Firstly, we would like to thank everyone for the kind support and response to our launch. We genuinely had very little expectations and the initial response has been much better than we had anticipated.

In this post, we would like to give a brief overview on the material currently on the website, our plans for future content, and provide a greater in-depth reason for the making of this website.


As of the present moment, we currently have 10 authors, 37 texts and approximately 200 pages worth of material, mostly comprising the most recognisable nationalists and their work such as:

The Coming Revolution (1916) by Pádraig Pearse
The Path To Freedom (1922) by Michael Collins
Principles of Freedom (1921) by Terence MacSwiney
An Argument On Behalf of the Catholics of Ireland (1791) by Wolfe Tone
Speech From The Dock (1803) by Robert Emmet

We have chosen those works first for several reasons, the most obvious being that these works are likely to be the most popular on the website, but also secondly because we wished to gauge support for the service through providing a small sample of texts before deciding to expand onto more niche authors and works.

There should also be a great variety in the works currently available, comprising history, politics, folklore and poetry, from the United Irishmen to the War of Independence.


Our short-term plans for future material should include some of the following authors and works:

Rossa’s Recollections, 1838 to 1898 (1898) by Jeremiah O’Donovan Rossa
Phases of Irish History (1920) by Eoin MacNeill
Songs of the Irish Rebels (1913) by Pádraig Pearse
The Crusade of the Period (published 1878) by John Mitchel
The Poems of the Irish Revolutionary Brotherhood (1916) featuring Pearse, Thomas MacDonagh, Joseph Plunkett and Roger Casement
Labour, Nationality and Religion (1910) by James Connolly
A Literary History of Ireland (1899) by Douglas Hyde
The Famine Queen (1900) by Maud Gonne

Of course, there are still some notable omissions, such as Jail Journal by John Mitchel or the Autobiography of Wolfe Tone, which we will try and transcribe as soon as possible.

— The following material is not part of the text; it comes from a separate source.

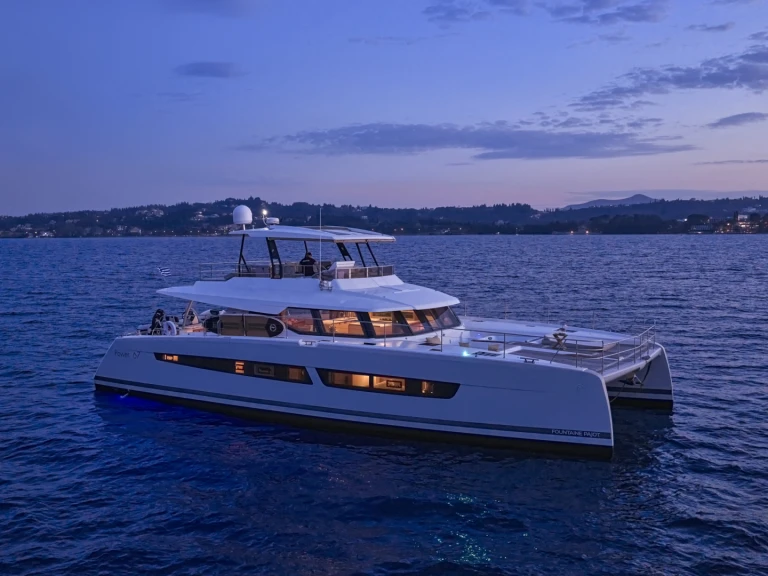 Bootverhuur Gouviá goedkoop Fountaine Pajot Power Alegria 67 (5 cab)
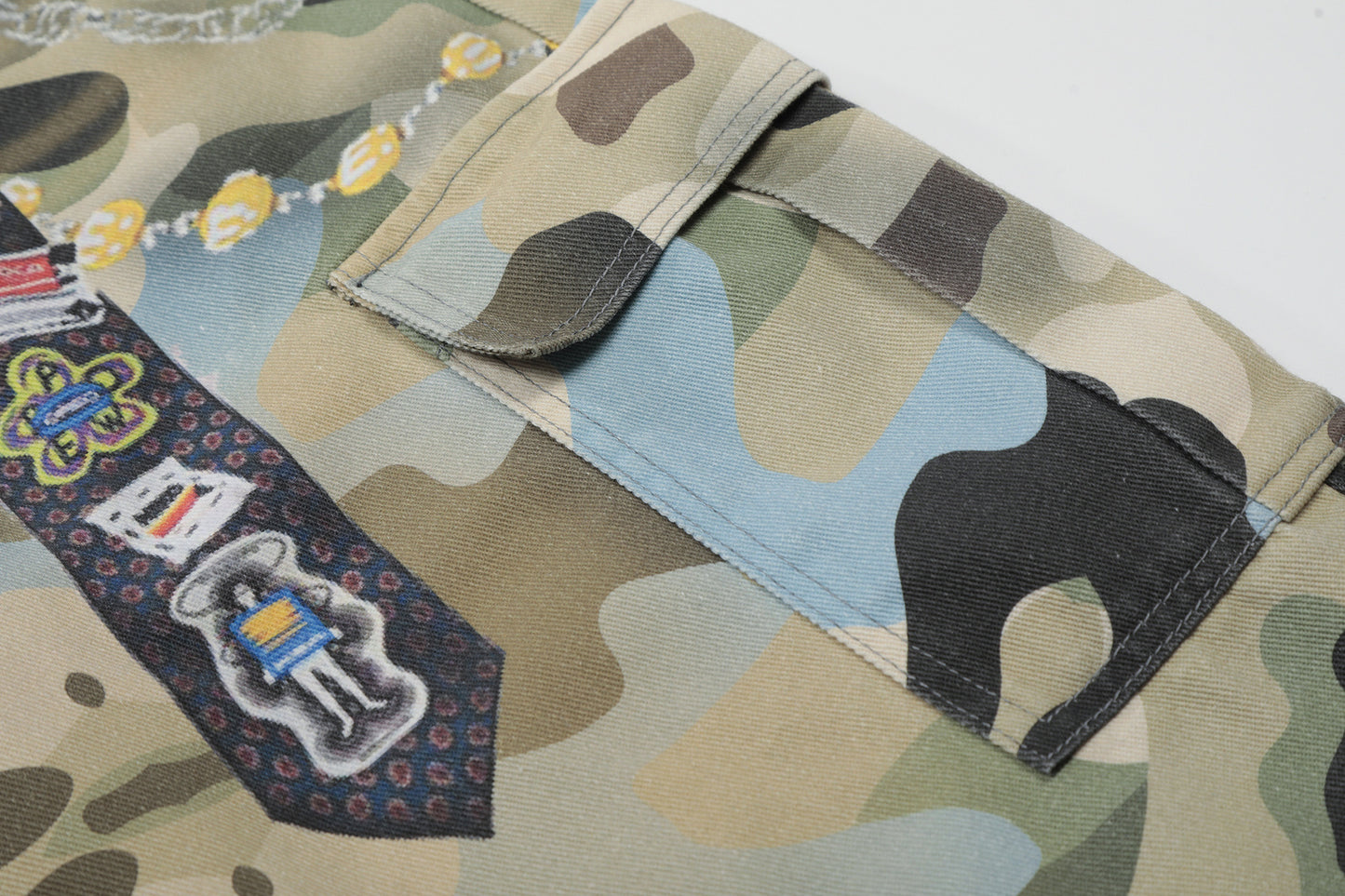 Camouflage Chain Charm Cropped Half Pants WN25539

We also hope to publish more Irish language literature in the coming future.


Long-term, we wish to make the archive as expansive and comprehensive as we can. Irish nationalism has a vast array of hundreds, if not thousands of works spanning the ages from authors well-known and not so well-known, books universally revered and books almost universally forgotten. It is our hope that integrating all of those components into one centralised archive will provide an immense benefit to all those interested in the history and heritage of our country.

We call for and appreciate any help from those who can help us in any capacity with transcribing, scanning or collecting new material. We once again thank all those for the support that has been shown so far.